When I was about knee high to a grasshopper we lived on a farm in the country in the wilds of southeast Nebraska and we had a 12 party line. The phone was an oak box that hung on the wall and had a mouthpiece on a pivot and an ear piece on a cord. It had a crank a magneto and 2 big dry cell batteries. To make a call on your local line you cranked a certain combination of long and short rings. To call anywhere else you rang for the operator. This was called “getting central” Folks used to listen in or chat at the same time. The more folks on the line the lower the signal level. This led to folks saying things like, “Hang up Myrtle I’m trying to get central.” In about 1955 we got a rotary phone. I remember phone numbers that began with 2 numbers. I also remember when if you were on the same exchange you could just dial the last 4 numbers. You still had to go through an operator for long distance. That went out when DDD Direct Distance Dialing came in. IN the 80’s in Alaska if you were not in town a 4 party line was the best you could get. Eventually private lines came in but if you wanted to call home to the folks on an important holiday you had to be prepared to dial 20 or 30 times before you could get connected on a circuit to the lower 48. Even local calling was referred to as “25 cents a chance.”

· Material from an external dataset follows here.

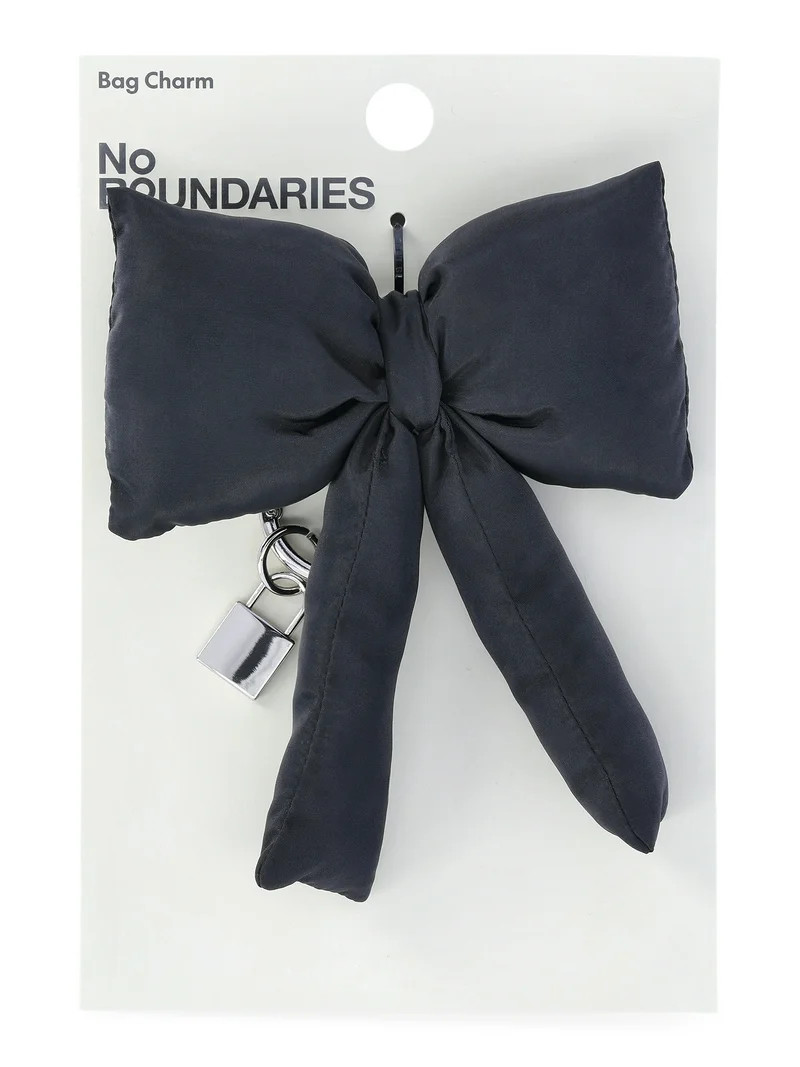 No Boundaries Women's Bag Charm, Black Puffer Bow - Walmart.com | Walmart (US)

I knew a girl in college who was from a very small town in SW Oregon. It was the last place in the U.S. that had four-digit phone numbers. That was around 1976.
Yup, and on a phone “0” isn’t “0”, it’s “10”.
Ten little clicks after dialing zero, that’s right.

Just kidding.... But we did have a couple of them hanging on the walls as decor.
But our working phone for years was that black Western Electric rotary dial that was pictured several times up thread.
What were the longs and shorts?
Oh no....Just my daughters telephone number in case I get lost. lol
My aunt actually had one of these. This is maybe 70 years ago. I remember one ring for her...two for the other party.
Do you now?
I bet if you call ORegon 03143, you won't get her...
The phone included a separate little writing desk that attached to the wall below the phone with a little flip-up lid to store memo paper and pens. It was really handy.

"Maude, I KNOW you're listening. Get off the line!" (reminiscent of my grandparents party line)
Rotary phone and a two party line. If you picked up the phone and someone else was talking you just hung up and waited 10 minutes. 😉
The coiled and tangled cord on that wall Princess phone is a nice authentic touch. They ALWAYS did that.
“What were the longs and shorts”
If it rang: riiinng riiinng ring, that’s two longs and a short, and you answered it.
If it rang: ring riinng ring, that’s a short, a long, and a short , and you didn’t answer it. That was for Mabel Green down the road.
I think there were four families on the party line. All houses heard all the rings, and you had to know your specific code.
Don’t answer Mabel’s phone, you might hear stuff you shouldn’t know. (Of course, picking up your receiver very quietly and you could listen in - LOL!)
Party line. Two longs and a short.
Mrs. Oleson always listened in when she ran the town switchboard.
I miss the office phones from the 90s. We would remove a co-worker’s voice/speaker box from the phone’s receiver and hide it in one of their drawers.
It made for a really fun prank. I had it pulled on me a couple of times too.